Architecture Diagram

┌─────────────────────────────────────────────────────────────┐
│              Scaling Strategies                             │
├─────────────────────────────────────────────────────────────┤
│                                                             │
│  Horizontal Scaling:                                        │
│  - Add more nodes to Kafka cluster                         │
│  - Add more Spark executors                                │
│  - Add more Snowflake warehouses                           │
│                                                             │
│  Vertical Scaling:                                          │
│  - Upgrade instance types                                  │
│  - Increase memory/CPU                                     │
│                                                             │
│  Caching:                                                   │
│  - Redis for real-time features                            │
│  - Snowflake result cache                                  │
│  - CDN for static assets                                   │
│                                                             │
│  Partitioning:                                              │
│  - Partition data by date                                  │
│  - Partition by region                                     │
│  - Partition by user                                       │
│                                                             │
└─────────────────────────────────────────────────────────────┘

Cost Estimation

Architecture Diagram

┌─────────────────────────────────────────────────────────────┐
│              Cost Estimation                                │
├─────────────────────────────────────────────────────────────┤
│                                                             │
│  Storage (10TB/day × 3 years):                             │
│  - S3: 10TB × 365 × 3 × $0.023 = $25,287/year            │
│  - Delta Lake metadata: $5,000/year                        │
│  - Total: $30,287/year                                     │
│                                                             │
│  Compute:                                                   │
│  - Kafka: 3 nodes × $500/month × 12 = $18,000/year        │
│  - Spark: 10 nodes × $1,000/month × 12 = $120,000/year    │
│  - Snowflake: $200,000/year                                │
│  - Redis: $30,000/year                                     │
│  - Total: $368,000/year                                    │
│                                                             │
│  Other:                                                     │
│  - Airflow: $20,000/year                                   │
│  - Monitoring: $10,000/year                                │
│  - Total: $30,000/year                                     │
│                                                             │
│  Grand Total: $428,287/year                                │
│                                                             │
└─────────────────────────────────────────────────────────────┘

💡

Production Tip: Always start with a simpler architecture and iterate. Don't over-engineer from day one. Use managed services (Kafka, Snowflake) to reduce operational overhead. Focus on business value, not technology.
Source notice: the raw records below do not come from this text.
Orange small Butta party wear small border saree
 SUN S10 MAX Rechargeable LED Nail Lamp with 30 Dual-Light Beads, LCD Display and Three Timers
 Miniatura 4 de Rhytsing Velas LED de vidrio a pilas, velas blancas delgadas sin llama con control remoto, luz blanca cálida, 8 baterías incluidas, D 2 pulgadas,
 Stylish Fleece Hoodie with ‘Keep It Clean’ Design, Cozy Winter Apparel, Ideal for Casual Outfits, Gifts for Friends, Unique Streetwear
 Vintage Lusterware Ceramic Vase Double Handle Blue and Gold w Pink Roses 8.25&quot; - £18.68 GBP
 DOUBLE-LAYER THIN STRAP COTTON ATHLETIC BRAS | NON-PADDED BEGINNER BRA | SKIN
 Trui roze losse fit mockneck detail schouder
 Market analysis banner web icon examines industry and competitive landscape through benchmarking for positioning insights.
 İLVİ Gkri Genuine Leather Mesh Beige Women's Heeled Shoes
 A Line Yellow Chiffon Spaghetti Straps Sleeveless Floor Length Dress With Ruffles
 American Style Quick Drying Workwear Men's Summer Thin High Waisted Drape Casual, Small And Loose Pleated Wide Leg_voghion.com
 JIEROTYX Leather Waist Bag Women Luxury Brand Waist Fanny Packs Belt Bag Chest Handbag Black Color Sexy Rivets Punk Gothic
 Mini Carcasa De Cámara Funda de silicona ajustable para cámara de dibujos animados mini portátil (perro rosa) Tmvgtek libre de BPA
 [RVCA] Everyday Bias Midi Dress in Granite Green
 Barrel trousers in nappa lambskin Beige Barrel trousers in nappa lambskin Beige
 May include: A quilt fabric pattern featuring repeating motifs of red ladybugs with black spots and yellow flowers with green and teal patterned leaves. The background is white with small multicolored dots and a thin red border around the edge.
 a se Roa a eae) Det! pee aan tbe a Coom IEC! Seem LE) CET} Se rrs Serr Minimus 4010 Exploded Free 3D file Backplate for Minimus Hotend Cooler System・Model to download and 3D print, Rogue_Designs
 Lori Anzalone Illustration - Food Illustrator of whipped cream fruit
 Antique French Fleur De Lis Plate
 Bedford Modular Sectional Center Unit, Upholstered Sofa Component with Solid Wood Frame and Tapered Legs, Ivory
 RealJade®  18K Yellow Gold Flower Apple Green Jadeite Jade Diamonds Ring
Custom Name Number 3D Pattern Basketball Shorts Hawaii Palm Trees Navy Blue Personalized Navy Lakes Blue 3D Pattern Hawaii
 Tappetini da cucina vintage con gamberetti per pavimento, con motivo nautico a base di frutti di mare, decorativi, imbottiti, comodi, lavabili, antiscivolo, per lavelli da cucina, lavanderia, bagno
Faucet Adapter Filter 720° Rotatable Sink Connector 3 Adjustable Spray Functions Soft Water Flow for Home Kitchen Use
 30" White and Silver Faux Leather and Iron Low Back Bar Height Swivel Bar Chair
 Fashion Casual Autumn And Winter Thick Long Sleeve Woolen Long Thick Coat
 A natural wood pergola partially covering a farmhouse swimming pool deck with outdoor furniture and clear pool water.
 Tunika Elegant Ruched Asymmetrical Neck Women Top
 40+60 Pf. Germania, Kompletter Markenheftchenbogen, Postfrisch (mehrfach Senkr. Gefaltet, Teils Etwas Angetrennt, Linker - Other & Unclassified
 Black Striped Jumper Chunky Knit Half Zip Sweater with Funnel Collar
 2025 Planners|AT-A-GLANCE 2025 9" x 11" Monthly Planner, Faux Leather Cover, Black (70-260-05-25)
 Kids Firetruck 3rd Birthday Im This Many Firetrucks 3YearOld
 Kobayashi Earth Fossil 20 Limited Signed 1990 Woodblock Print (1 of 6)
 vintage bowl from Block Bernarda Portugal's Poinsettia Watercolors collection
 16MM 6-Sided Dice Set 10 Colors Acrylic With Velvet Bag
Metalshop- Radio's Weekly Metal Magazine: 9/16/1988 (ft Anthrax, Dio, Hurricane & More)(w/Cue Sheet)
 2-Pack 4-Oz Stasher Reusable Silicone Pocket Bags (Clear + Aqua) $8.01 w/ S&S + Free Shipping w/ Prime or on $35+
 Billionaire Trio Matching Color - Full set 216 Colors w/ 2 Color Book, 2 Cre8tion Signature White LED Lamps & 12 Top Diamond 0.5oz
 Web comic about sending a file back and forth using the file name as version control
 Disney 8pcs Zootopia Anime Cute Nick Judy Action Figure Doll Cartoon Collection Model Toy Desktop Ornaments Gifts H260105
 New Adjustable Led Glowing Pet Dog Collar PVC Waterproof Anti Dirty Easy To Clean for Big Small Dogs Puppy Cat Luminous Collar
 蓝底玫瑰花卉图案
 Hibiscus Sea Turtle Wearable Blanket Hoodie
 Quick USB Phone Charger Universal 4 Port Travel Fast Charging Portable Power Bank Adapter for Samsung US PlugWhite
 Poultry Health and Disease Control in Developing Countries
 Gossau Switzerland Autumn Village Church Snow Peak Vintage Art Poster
Common Follow-Up Questions

Q1: How do you handle data quality?

# Data quality checks
def validate_data_quality(df, rules):
    """Validate data quality"""
    for column, rule in rules.items():
        violations = df.filter(~rule(F.col(column))).count()
        if violations > 0:
            raise ValueError(f"Quality check failed for {column}")
    return True

# Use dbt tests
# models/marts/_marts__models.yml
"""
- name: fct_orders
  tests:
    - unique
    - not_null
    - dbt_utils.accepted_range:
        min_value: 0
"""

Q2: How do you handle disaster recovery?

# Cross-region replication
def replicate_to_dr_region(source_region, dr_region):
    """Replicate data to DR region"""
    
    # Replicate S3
    aws s3 sync s3://source-bucket s3://dr-bucket --source-region us-east-1 --region us-west-2
    
    # Replicate Snowflake
    # Use Snowflake replication

Q3: How do you monitor the platform?

# Monitoring stack
- Prometheus: Metrics collection
- Grafana: Dashboards
- AlertManager: Alerting
- ELK: Logging

# Key metrics
- Kafka lag
- Spark job duration
- Snowflake query performance
- API latency
- Error rates

Q4: How do you handle security?

# Security measures
- Encryption at rest (S3, Snowflake)
- Encryption in transit (TLS)
- IAM roles and policies
- VPC and security groups
- Data masking for PII
- Audit logging

⚠️

Critical Consideration: Data platform design is about tradeoffs. There's no perfect architecture. Focus on your specific requirements, constraints, and team capabilities. Start simple, measure, and iterate.

Company-Specific Tips

Google Interview Tips

Discuss BigQuery for analytics
Explain Dataflow for stream processing
Mention Cloud Storage for data lake
Talk about Vertex AI for ML

Netflix Interview Tips

Focus on multi-region architecture
Explain cost optimization strategies
Mention real-time personalization
Talk about data mesh implementation

Uber Interview Tips

Discuss real-time ride matching
Explain geospatial data processing
Mention ML for dynamic pricing
Talk about multi-tenant platforms

ℹ️

Final Takeaway: Data platform design is a complex system design problem. Start with requirements, design high-level architecture, then dive into details. Always consider tradeoffs, scalability, and cost. Remember: the best architecture is the one that meets your specific needs.